- TASK TO COMPLETE -
The whole listing that follows is to be restated word for word, images excluded.

- SUPPLIED RECORDS -
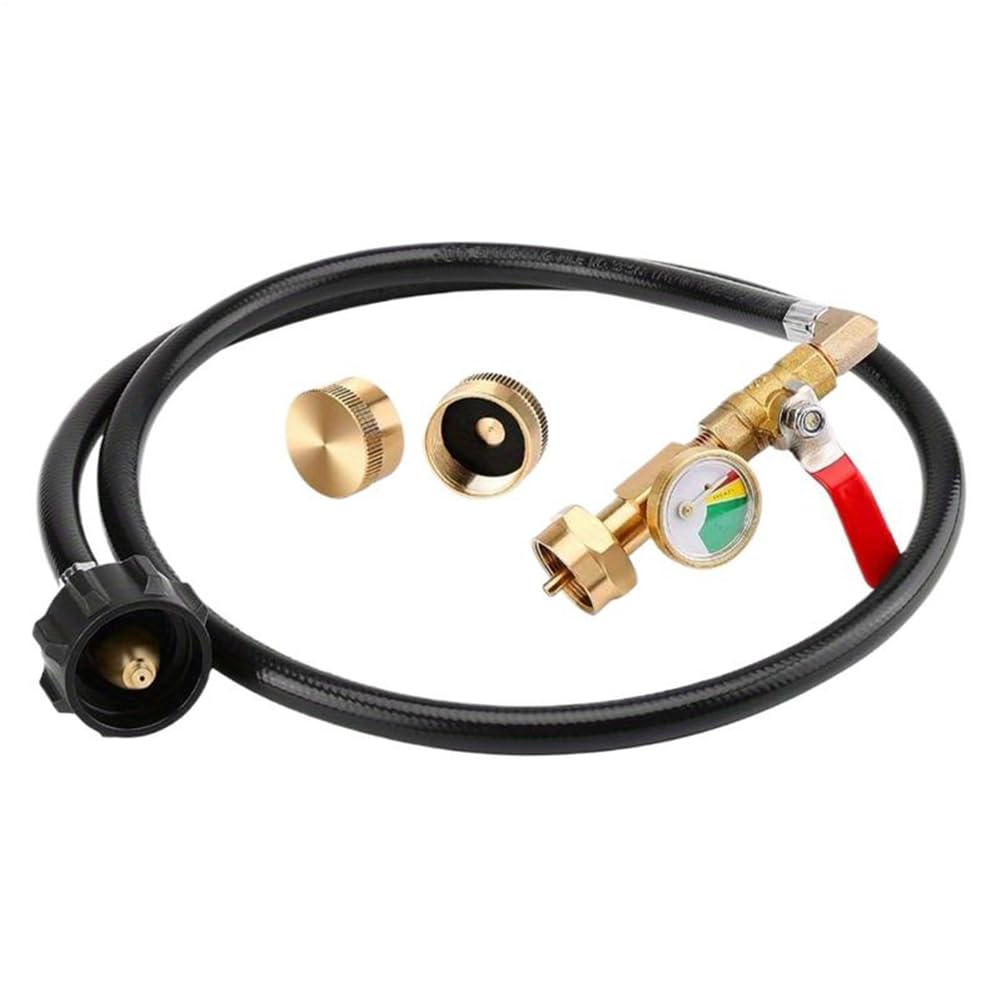 UDSKNV[KSL Glow in the Dark Gauge for Propane Adapter with Refill Adapter Brass Connector Hose for Propane Tank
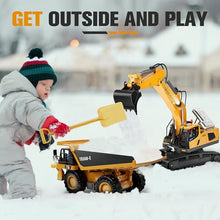 Load image into Gallery viewer, KIDMARKT Remote Control Excavator Toy for Boys | 11-Channel Metal Construction Truck with Lights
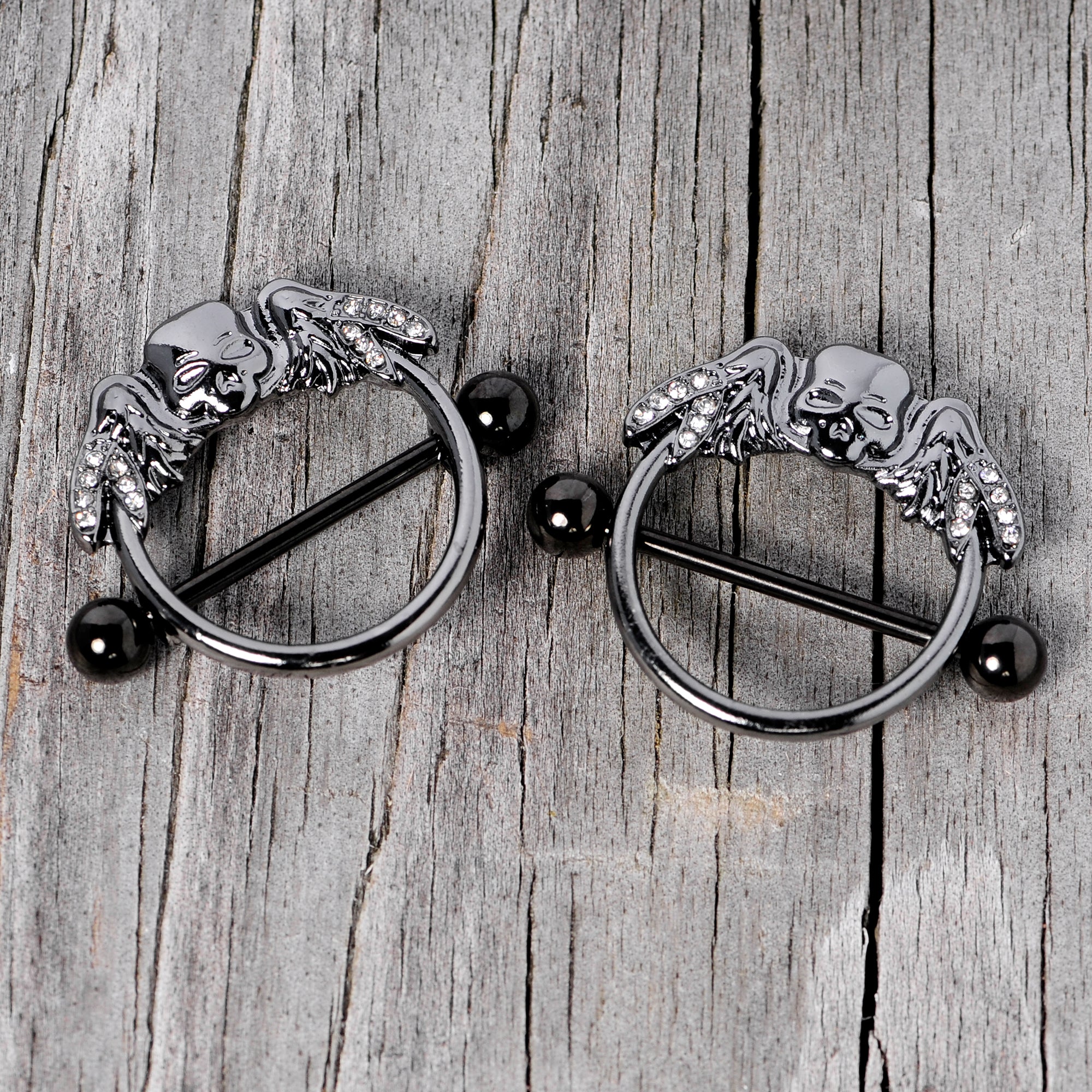 14G 7/8 Clear Gem Black Winged Skull Halloween Nipple Shield Set - Image 4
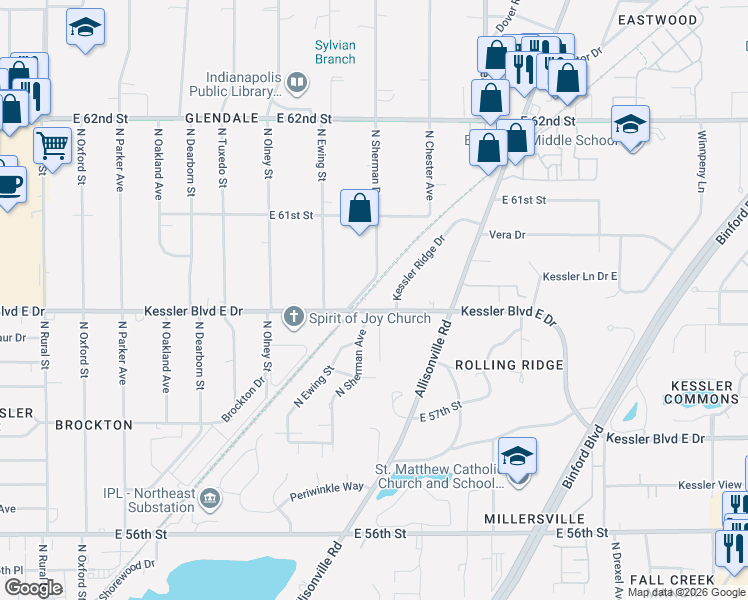 map of restaurants, bars, coffee shops, grocery stores, and more near 3535 Kessler Boulevard East Drive in Indianapolis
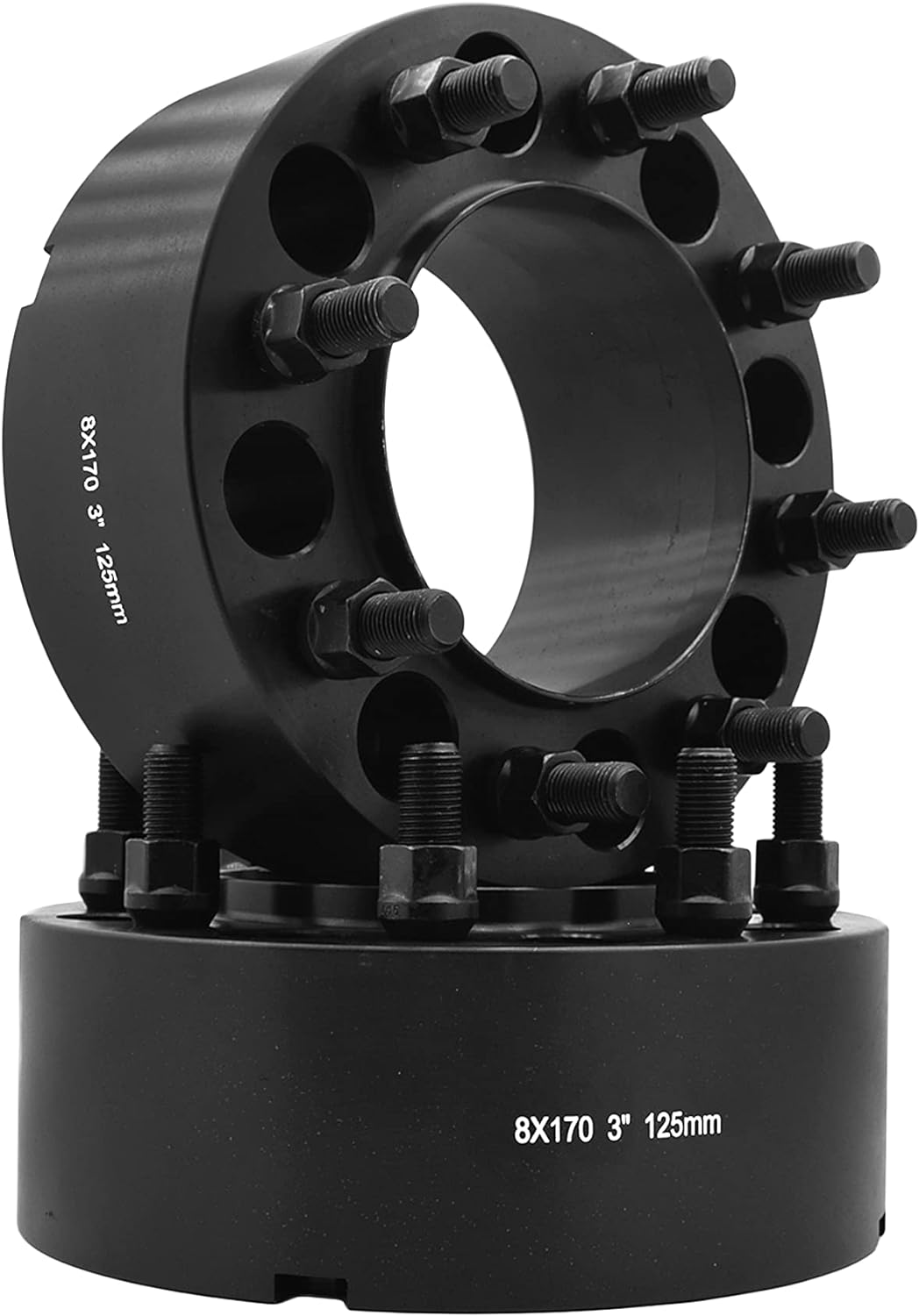 (2) Espaciadores adaptadores de rueda centrados en cubos de 8x170 para camionetas Ford F-250 F-350 Superduty Excursion, pernos de 14x1.5 o 14x2.0 disponibles de 2 pulgadas, 2.5 pulgadas, 3 pulgadas y 8 lengüetas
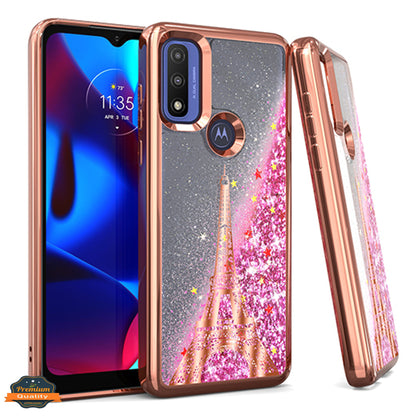 For Motorola Moto G Power 2022 Quicksand Liquid Glitter Bling Flowing Sparkle Fashion Hybrid Rubber TPU and Chrome Plating Hard  Phone Case Cover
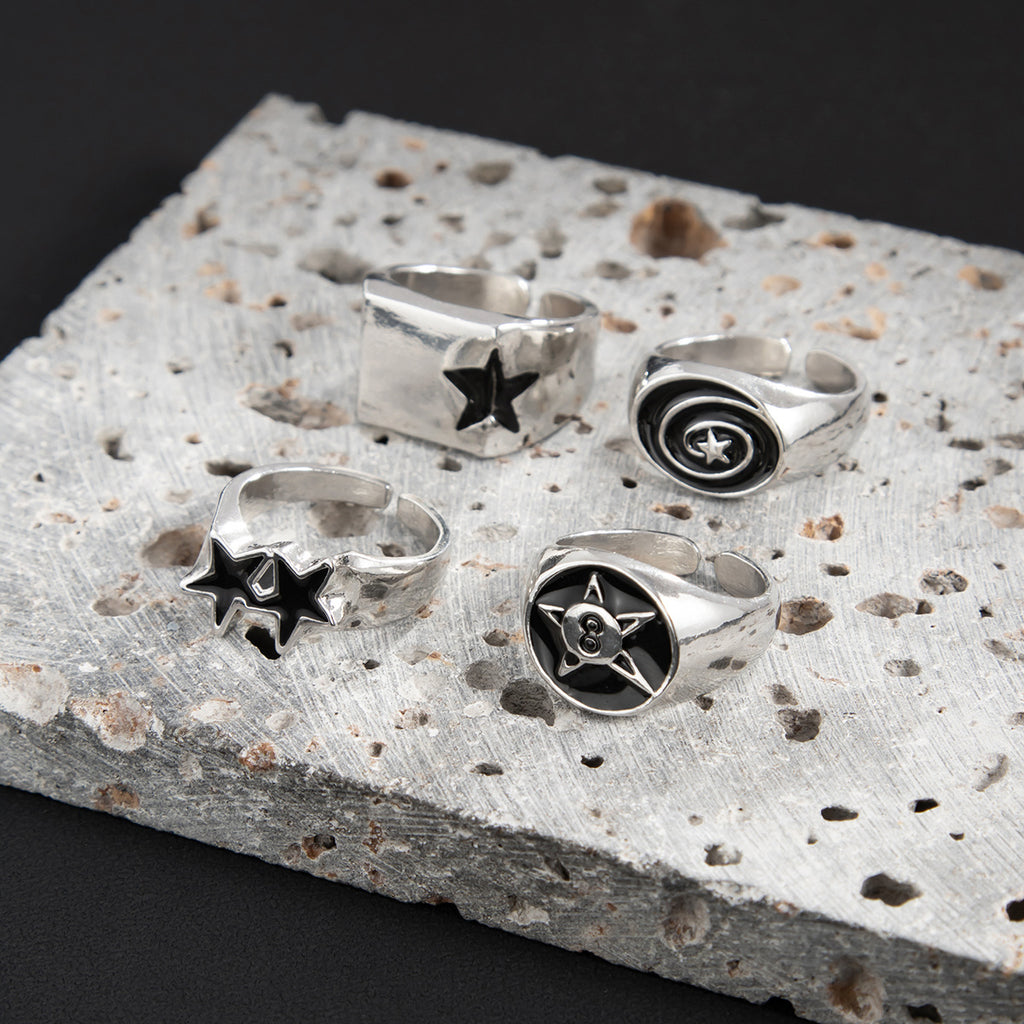Starlight Statement Adjustable Ring Set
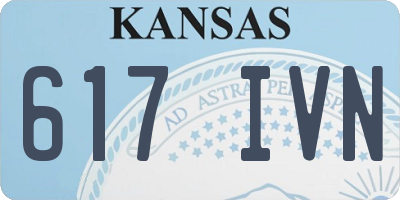 KS license plate 617IVN
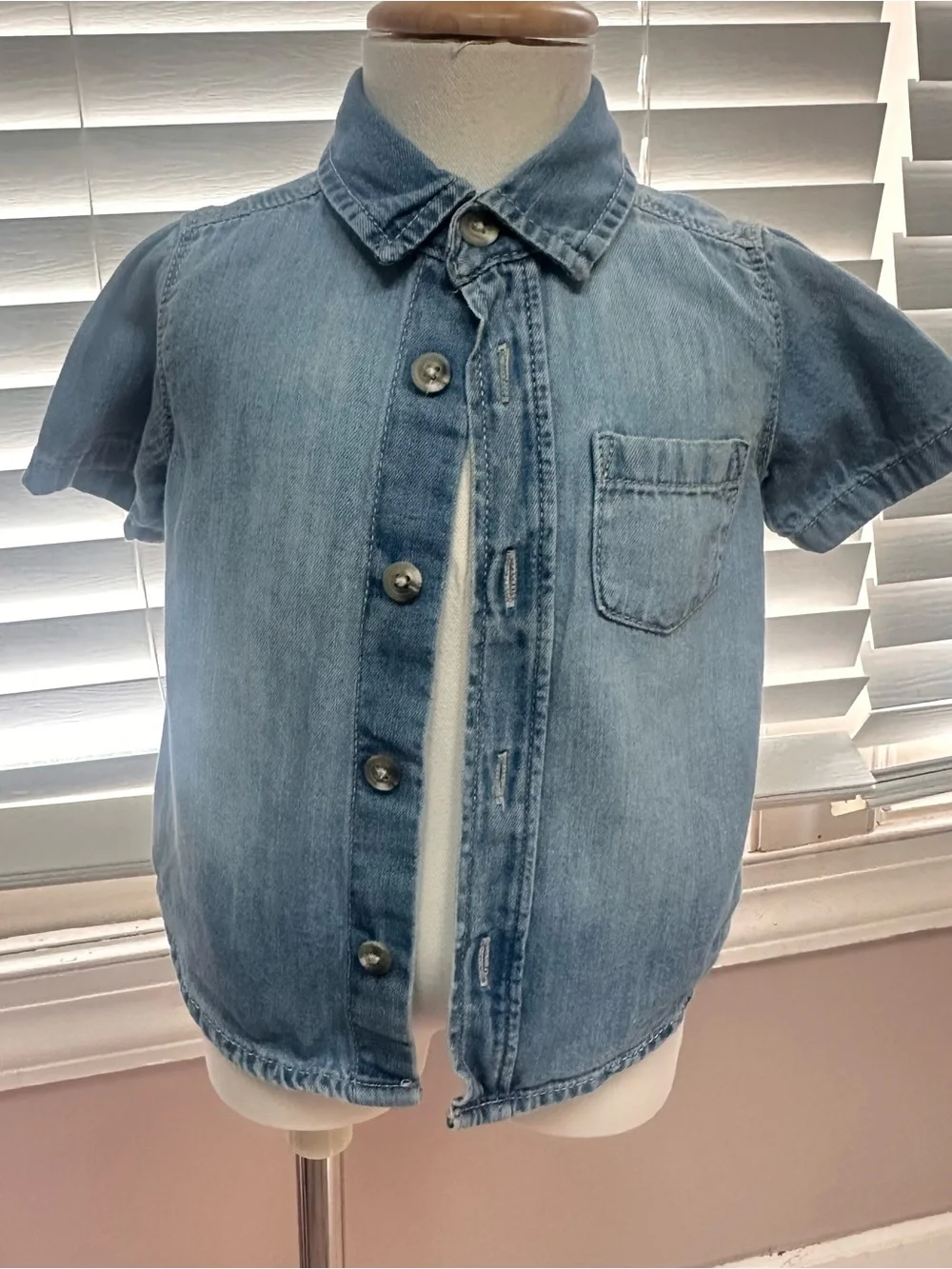 Old Navy Light Blue Denim Short-Sleeve Shirt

- TASK RESPONSE -
 UDSKNV[KSL Glow in the Dark Gauge for Propane Adapter with Refill Adapter Brass Connector Hose for Propane Tank
 Load image into Gallery viewer, KIDMARKT Remote Control Excavator Toy for Boys | 11-Channel Metal Construction Truck with Lights
 14G 7/8 Clear Gem Black Winged Skull Halloween Nipple Shield Set - Image 4
 map of restaurants, bars, coffee shops, grocery stores, and more near 3535 Kessler Boulevard East Drive in Indianapolis
 (2) Espaciadores adaptadores de rueda centrados en cubos de 8x170 para camionetas Ford F-250 F-350 Superduty Excursion, pernos de 14x1.5 o 14x2.0 disponibles de 2 pulgadas, 2.5 pulgadas, 3 pulgadas y 8 lengüetas
 For Motorola Moto G Power 2022 Quicksand Liquid Glitter Bling Flowing Sparkle Fashion Hybrid Rubber TPU and Chrome Plating Hard  Phone Case Cover
Starlight Statement Adjustable Ring Set
 KS license plate 617IVN
 Old Navy Light Blue Denim Short-Sleeve Shirt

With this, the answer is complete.